Work request: If a line in the entries below includes "Secret", pick it out and copy it.
___ Recorded data ___
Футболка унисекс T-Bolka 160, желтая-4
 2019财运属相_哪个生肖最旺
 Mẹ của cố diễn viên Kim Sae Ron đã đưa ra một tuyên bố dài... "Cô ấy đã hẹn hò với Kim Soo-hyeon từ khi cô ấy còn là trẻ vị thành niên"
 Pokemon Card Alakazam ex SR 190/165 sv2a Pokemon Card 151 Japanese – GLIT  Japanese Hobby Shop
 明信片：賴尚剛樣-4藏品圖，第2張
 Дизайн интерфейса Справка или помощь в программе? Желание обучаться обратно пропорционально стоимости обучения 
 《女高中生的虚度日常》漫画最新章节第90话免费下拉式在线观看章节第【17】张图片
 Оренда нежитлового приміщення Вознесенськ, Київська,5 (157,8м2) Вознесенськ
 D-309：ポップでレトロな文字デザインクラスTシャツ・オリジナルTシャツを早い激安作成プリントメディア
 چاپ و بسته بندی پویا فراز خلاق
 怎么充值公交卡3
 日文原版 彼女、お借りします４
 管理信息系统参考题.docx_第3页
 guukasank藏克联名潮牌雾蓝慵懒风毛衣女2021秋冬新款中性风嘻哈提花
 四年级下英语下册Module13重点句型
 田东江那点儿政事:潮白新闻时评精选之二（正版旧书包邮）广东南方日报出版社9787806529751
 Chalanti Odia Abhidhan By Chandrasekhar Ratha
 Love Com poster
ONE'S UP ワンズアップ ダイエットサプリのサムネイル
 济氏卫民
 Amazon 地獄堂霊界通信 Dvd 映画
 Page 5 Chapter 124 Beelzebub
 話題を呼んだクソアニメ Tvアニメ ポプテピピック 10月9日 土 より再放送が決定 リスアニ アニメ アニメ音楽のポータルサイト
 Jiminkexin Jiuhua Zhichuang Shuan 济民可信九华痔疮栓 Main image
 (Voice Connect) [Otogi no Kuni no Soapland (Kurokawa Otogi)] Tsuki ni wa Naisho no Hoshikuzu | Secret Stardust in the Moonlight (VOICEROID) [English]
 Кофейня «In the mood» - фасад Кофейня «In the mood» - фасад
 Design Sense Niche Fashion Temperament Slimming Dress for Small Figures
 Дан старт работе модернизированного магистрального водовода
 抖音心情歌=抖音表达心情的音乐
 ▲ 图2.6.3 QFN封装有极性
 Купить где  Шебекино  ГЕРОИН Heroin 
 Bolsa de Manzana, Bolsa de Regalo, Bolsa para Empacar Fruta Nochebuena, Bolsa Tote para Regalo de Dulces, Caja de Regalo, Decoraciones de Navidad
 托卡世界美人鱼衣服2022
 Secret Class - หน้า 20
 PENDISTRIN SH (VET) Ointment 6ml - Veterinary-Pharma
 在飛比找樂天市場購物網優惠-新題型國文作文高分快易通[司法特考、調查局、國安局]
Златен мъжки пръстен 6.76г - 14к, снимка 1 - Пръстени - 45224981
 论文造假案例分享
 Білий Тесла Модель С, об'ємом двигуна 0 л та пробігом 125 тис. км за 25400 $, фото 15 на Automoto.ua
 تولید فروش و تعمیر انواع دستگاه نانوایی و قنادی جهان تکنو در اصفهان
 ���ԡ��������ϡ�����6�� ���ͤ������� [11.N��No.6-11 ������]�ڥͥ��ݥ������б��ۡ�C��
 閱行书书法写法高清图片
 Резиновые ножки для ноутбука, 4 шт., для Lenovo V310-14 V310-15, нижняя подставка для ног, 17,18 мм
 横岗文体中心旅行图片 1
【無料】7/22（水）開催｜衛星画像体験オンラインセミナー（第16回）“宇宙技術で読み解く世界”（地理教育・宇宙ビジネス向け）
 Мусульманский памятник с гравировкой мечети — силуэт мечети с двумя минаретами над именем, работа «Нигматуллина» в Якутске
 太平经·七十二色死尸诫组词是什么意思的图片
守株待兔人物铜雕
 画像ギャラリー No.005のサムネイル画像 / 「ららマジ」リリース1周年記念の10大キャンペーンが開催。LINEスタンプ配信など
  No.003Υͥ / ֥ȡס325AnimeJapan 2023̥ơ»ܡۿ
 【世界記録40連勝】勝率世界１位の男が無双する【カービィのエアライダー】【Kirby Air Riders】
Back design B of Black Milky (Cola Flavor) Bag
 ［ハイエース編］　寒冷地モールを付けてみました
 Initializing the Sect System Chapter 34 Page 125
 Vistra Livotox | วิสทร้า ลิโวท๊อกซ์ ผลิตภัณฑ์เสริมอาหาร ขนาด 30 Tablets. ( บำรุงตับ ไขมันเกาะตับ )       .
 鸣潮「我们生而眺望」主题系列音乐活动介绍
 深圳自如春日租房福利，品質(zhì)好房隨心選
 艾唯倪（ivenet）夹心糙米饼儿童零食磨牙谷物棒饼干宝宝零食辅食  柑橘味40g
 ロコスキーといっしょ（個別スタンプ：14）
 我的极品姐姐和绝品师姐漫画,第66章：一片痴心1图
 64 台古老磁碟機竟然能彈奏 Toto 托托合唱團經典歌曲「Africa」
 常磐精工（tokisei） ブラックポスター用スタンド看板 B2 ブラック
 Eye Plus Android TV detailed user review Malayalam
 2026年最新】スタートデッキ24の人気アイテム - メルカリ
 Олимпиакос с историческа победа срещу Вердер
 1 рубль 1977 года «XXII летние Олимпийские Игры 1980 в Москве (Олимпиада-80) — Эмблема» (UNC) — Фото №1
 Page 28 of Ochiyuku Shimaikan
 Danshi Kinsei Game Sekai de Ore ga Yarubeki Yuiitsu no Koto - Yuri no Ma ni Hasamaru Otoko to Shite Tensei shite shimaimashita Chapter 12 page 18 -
___
Exercise output:
 (Voice Connect) [Otogi no Kuni no Soapland (Kurokawa Otogi)] Tsuki ni wa Naisho no Hoshikuzu | Secret Stardust in the Moonlight (VOICEROID) [English]
 Secret Class - หน้า 20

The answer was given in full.